16. The method of claim 1, wherein taking the action based on the corresponding docking scores comprises:
assessing a measure of efficacy for the candidate drug based on the corresponding docking scores.
17. The method of claim 16, wherein the measure of efficacy is determined by aggregating docking scores corresponding with a set of P lowest energy stacked pose configurations in the location of the binding site in the prion-protein filament.
18. The method of claim 10, wherein taking the action based on the corresponding docking scores comprises:
maintaining at least one of the complexes and corresponding docking scores in a database.
19. The method of claim 10, wherein taking the action based on the corresponding docking scores comprises:
using at least one of the complexes and corresponding scores for one or more downstream tasks.

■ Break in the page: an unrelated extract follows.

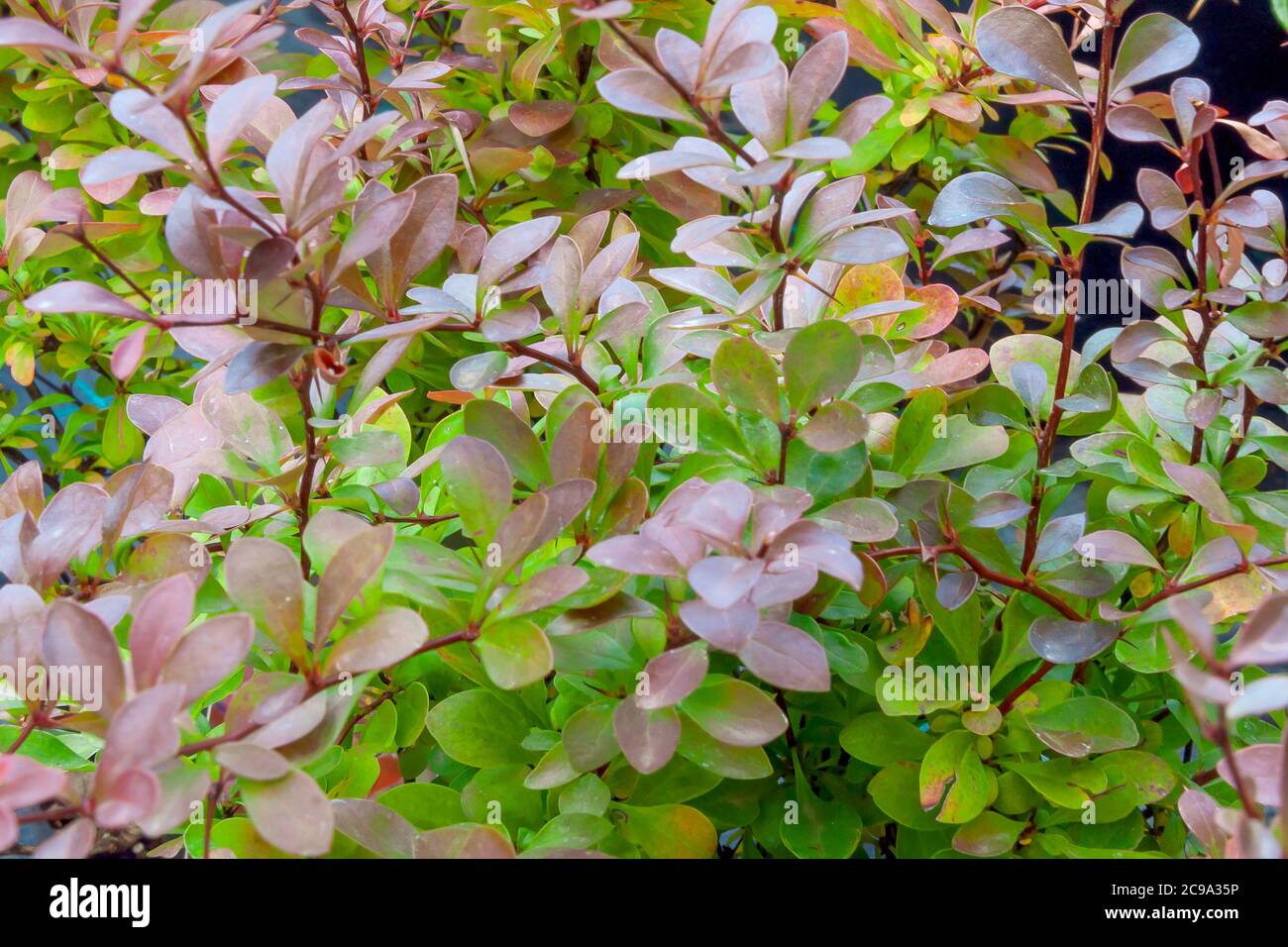 Giardino arbusto barberry.Green e foglie rosse. Foto Stock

20. A system comprising one or more computers and one or more storage devices storing instructions that are operable, when executed by the one or more computers, to cause the one or more computers to perform operations comprising:
receiving data comprising a structure of a candidate drug, a structure of a prion-protein filament comprising one or more prions, and a location of a binding site in the prion-protein filament structure;
generating a plurality of stacked pose configurations of the candidate drug using at least the candidate drug structure;
determining a corresponding docking score for each stacked pose configuration in the plurality of stacked pose configurations in accordance with a measure of a likelihood of binding for the stacked pose configuration in the location of the binding site in the prion-protein filament; and
taking an action based on the corresponding docking scores.

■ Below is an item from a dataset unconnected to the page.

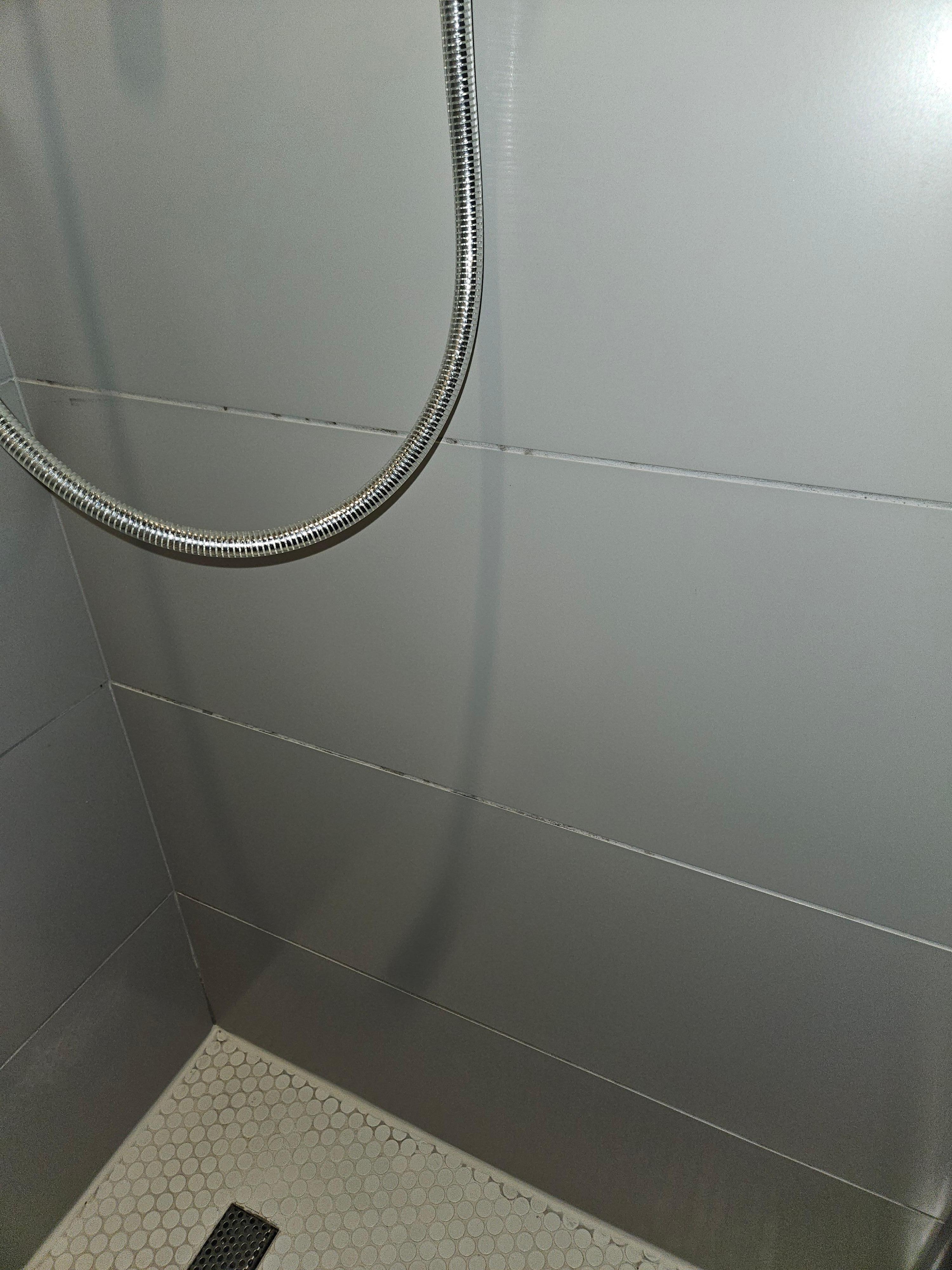 Mold in the grout lines in the shower.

21. One or more computer readable media storing instructions that are executable by a processing device, and upon such execution cause the processing device to perform operations comprising:
receiving data comprising a structure of a candidate drug, a structure of a prion-protein filament comprising one or more prions, and a location of a binding site in the prion-protein filament structure;
generating a plurality of stacked pose configurations of the candidate drug using at least the candidate drug structure;
determining a corresponding docking score for each stacked pose configuration in the plurality of stacked pose configurations in accordance with a measure of a likelihood of binding for the stacked pose configuration in the location of the binding site in the prion-protein filament; and
taking an action based on the corresponding docking scores.